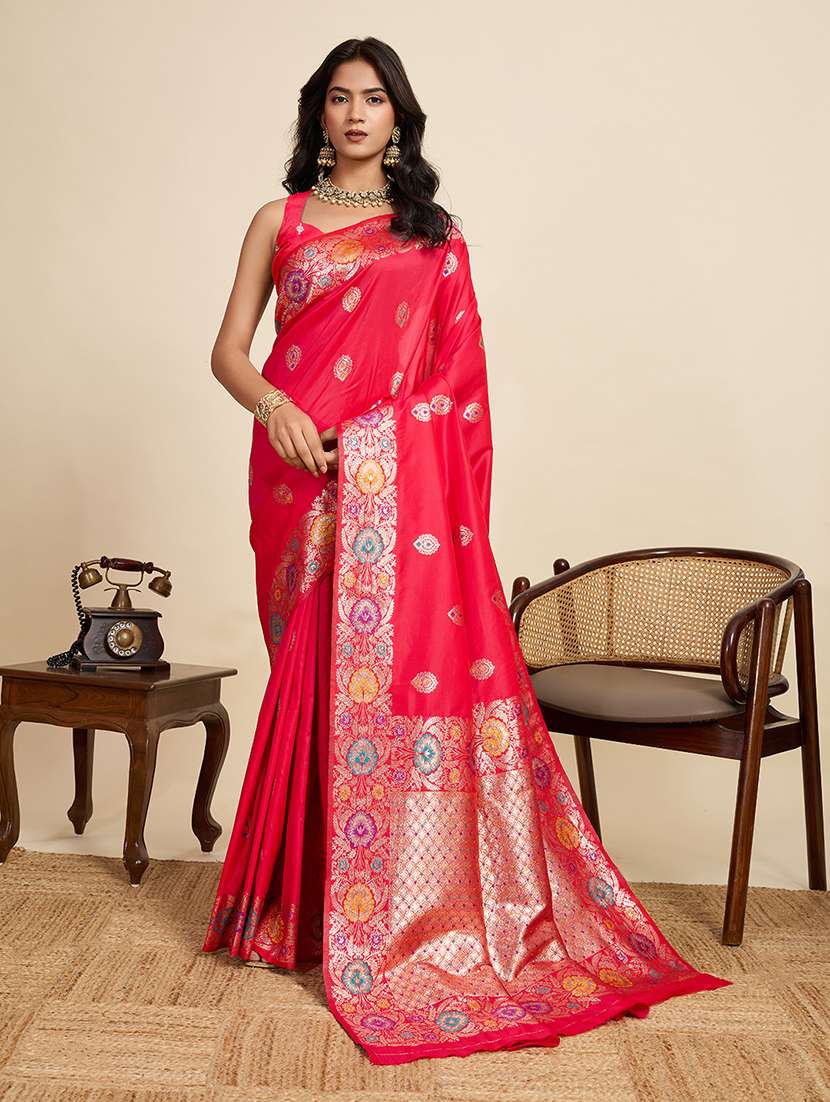women self design banarasi saree with blouse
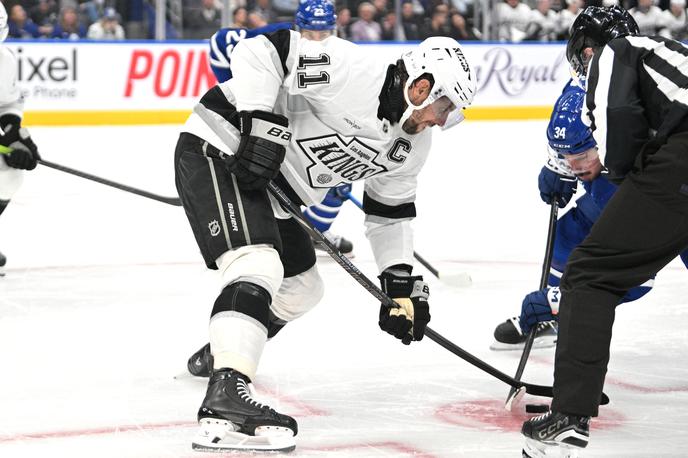 Anže Kopitar Los Angeles Kings | Anže Kopitar je v dobrih 17 minutah na ledu ostal brez točke. | Foto Reuters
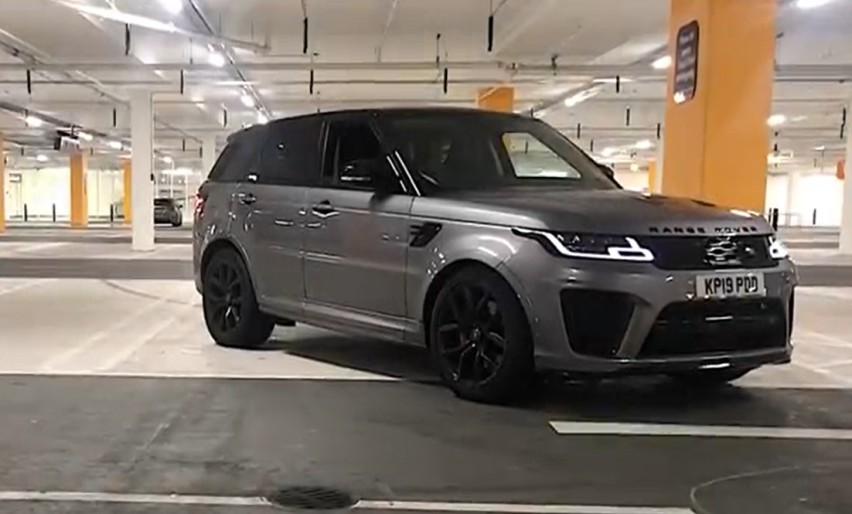 2020款路虎揽胜sport svr深度参观,精致霸气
········
## Try it
With the pictures left out, give again exactly the lines from the one with "Anže Kopitar Los" through the end of the data, both included.

## Solved exercise
 Anže Kopitar Los Angeles Kings | Anže Kopitar je v dobrih 17 minutah na ledu ostal brez točke. | Foto Reuters
 2020款路虎揽胜sport svr深度参观,精致霸气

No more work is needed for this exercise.